* [TASK INSTRUCTIONS] Retype the records in full, and please keep the pictures out of the copy.

* [DATA]
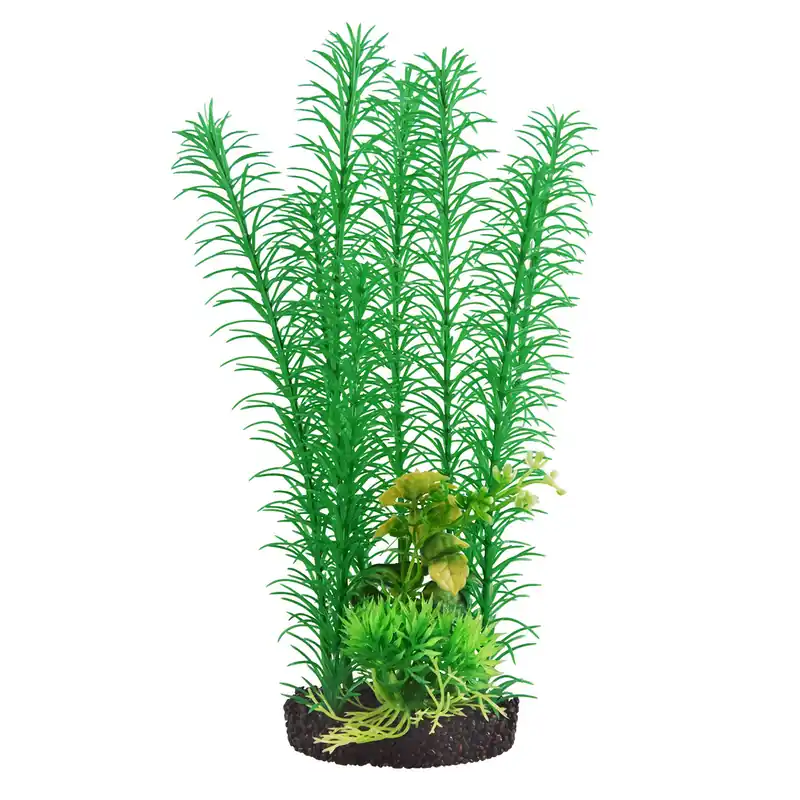Underwater Treasures MAYACA GREEN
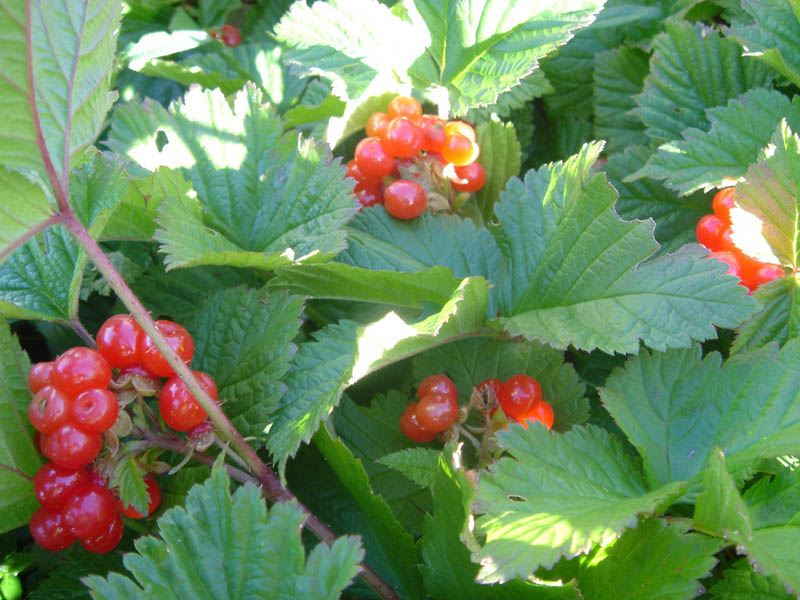 Rubus saxatilis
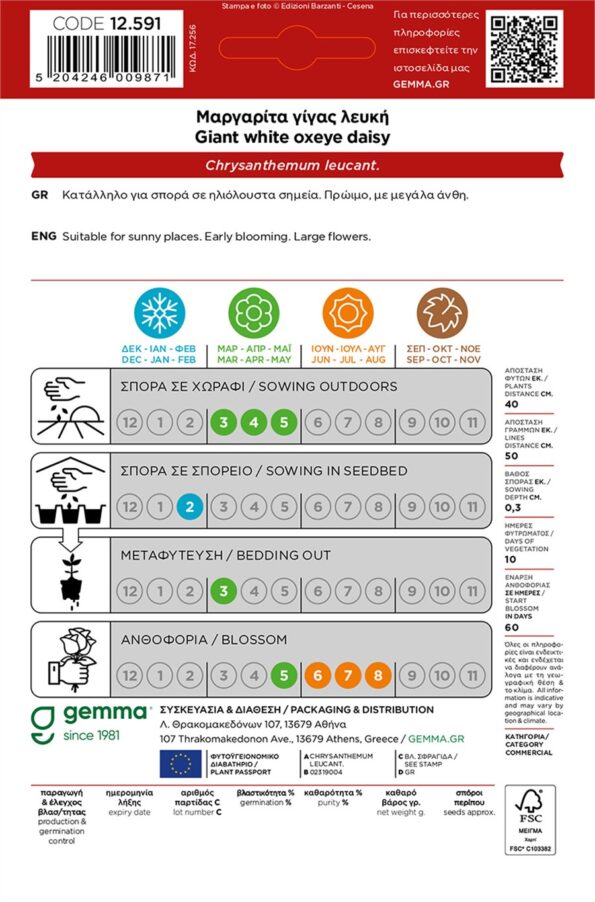 μαργαρίτα λευκή γίγας σπόροι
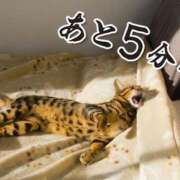 ヒメ日記 2026/06/12 12:43 投稿 飛鳥 多摩微熟女マッサージ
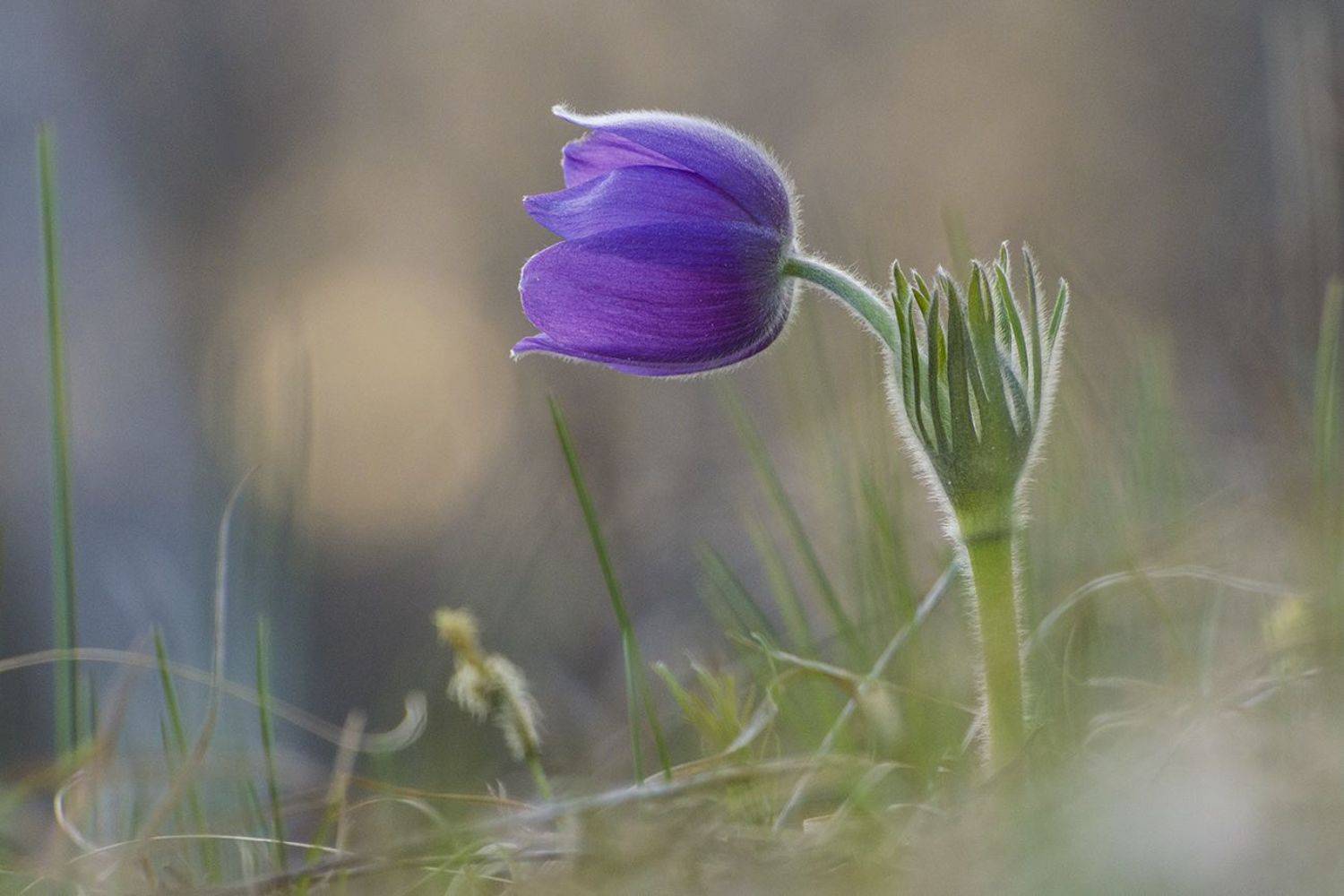 сон - трава, Михаил Агеев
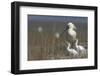 Spoonbill (Platalea Leucorodia) at Nest with Two Chicks, Texel, Netherlands, May 2009-Peltomäki-Framed Photographic Print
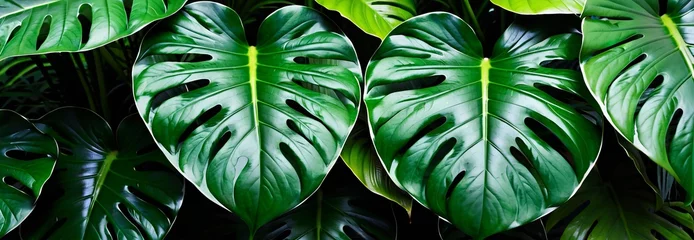 Wandaufkleber Green tropical leaves of Monstera deliciosa, leaves with varied patterns and rich texture. green background, tropical landscape, wide banner, botanical flora. top view © Pink Zebra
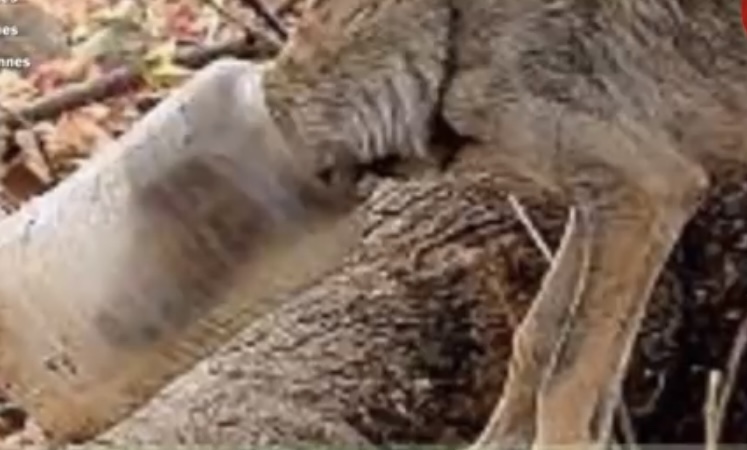 Wolf trying to remove the container that has been stuck in his head 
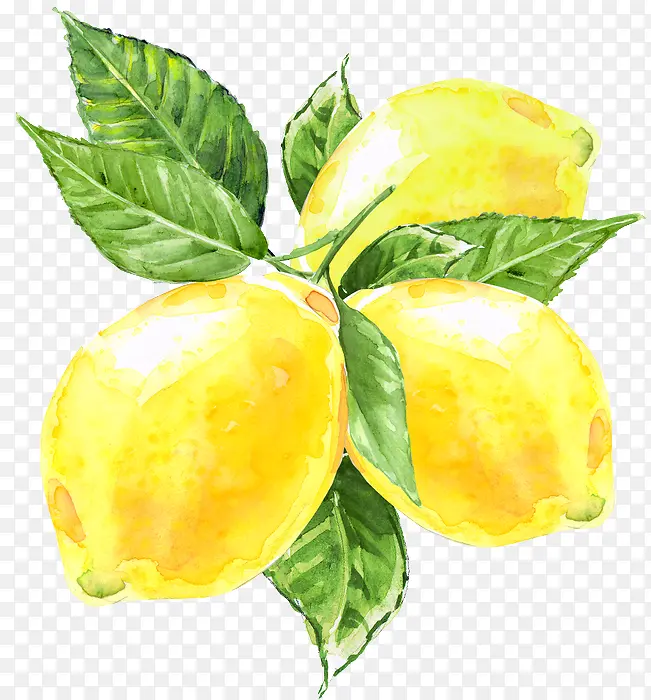 柠檬 黄皮 水果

* [TASK RESULT]
Underwater Treasures MAYACA GREEN
 Rubus saxatilis
 μαργαρίτα λευκή γίγας σπόροι
 ヒメ日記 2026/06/12 12:43 投稿 飛鳥 多摩微熟女マッサージ
 сон - трава, Михаил Агеев
 Spoonbill (Platalea Leucorodia) at Nest with Two Chicks, Texel, Netherlands, May 2009-Peltomäki-Framed Photographic Print
 Wandaufkleber Green tropical leaves of Monstera deliciosa, leaves with varied patterns and rich texture. green background, tropical landscape, wide banner, botanical flora. top view © Pink Zebra
 Wolf trying to remove the container that has been stuck in his head 
 柠檬 黄皮 水果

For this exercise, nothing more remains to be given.